We have encountered an issue with our SCA6000 card's kernel driver in RHEL 5.5. It seems that occasionally, in some (yet unknown) circumstances the card's kernel driver stalls and rebooting the server seems to be the only way to get the driver working again. The following syslog entries can be seen after the driver crash:
kernel: mca0: userRefresh/semTake returned S_objLib_OBJ_TIMEOUT after 120 seconds
kernel: INFO: task scakiod:3259 blocked for more than 120 seconds.
kernel: "echo 0 > /proc/sys/kernel/hung_task_timeout_secs" disables this message.
kernel: scakiod D ffffffff80150790 0 3259 1 3260 3258 (NOTLB)

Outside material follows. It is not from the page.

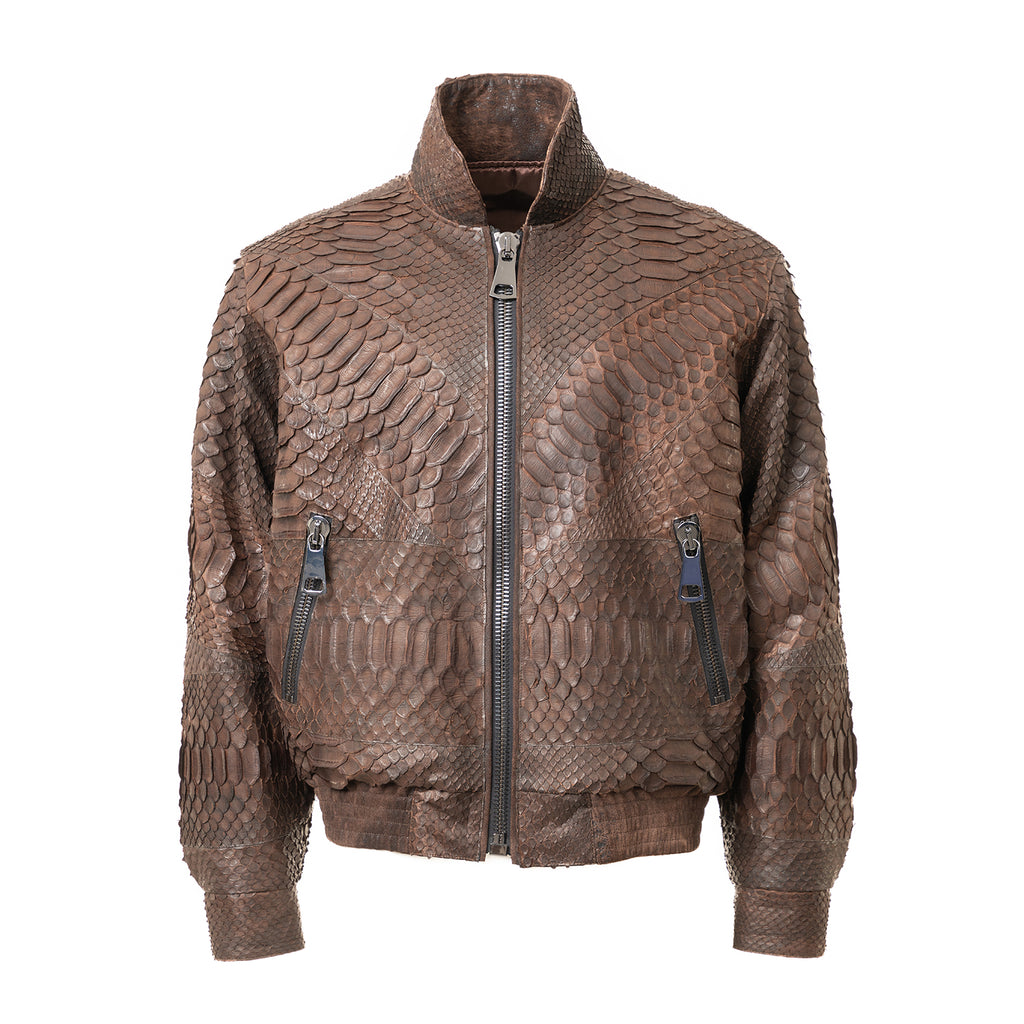 Brown Python Leather Bomber with Oversized Zipper Details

kernel: ffff81023adfdc38 0000000000000082 ffff810200000001 ffff8102f6caf7f8
kernel: 0000000000000000 0000000000000009 ffff81033d2be080 ffff81010b722080
kernel: 00056915fb68a1df 0000000001066045 ffff81033d2be268 000000023d042a80
kernel: Call Trace:
kernel: [<ffffffff8838a05d>] :mca:mca_dbm_response+0x488/0x63c
kernel: [<ffffffff8008cf9d>] default_wake_function+0x0/0xe
kernel: [<ffffffff883b822d>] :mcactl:mcactl_ioctl+0xcb2/0x1cfc
kernel: [<ffffffff80016e31>] generic_file_aio_read+0x34/0x39
kernel: [<ffffffff8000ceb5>] do_sync_read+0xc7/0x104
kernel: [<ffffffff883b929d>] :mcactl:mcactl_ioctl_lin+0x26/0x2d
kernel: [<ffffffff80042181>] do_ioctl+0x55/0x6b
kernel: [<ffffffff80030204>] vfs_ioctl+0x457/0x4b9
kernel: [<ffffffff8000b79a>] vfs_read+0x13c/0x171
kernel: [<ffffffff8004c633>] sys_ioctl+0x59/0x78
kernel: [<ffffffff8005d116>] system_call+0x7e/0x83
We suspect that this is somehow related to the SCA6000 Linux driver and how it works in an SMP environment. As a workaround, we have disabled multiprocessing in our server by setting maxcpus=1 in our GRUB configuration. So far the issue hasn't re-occurred, but it's not sure whether this workaround helps or not, because the issue has occurred earlier very rarely.
Has anyone else encountered this problem?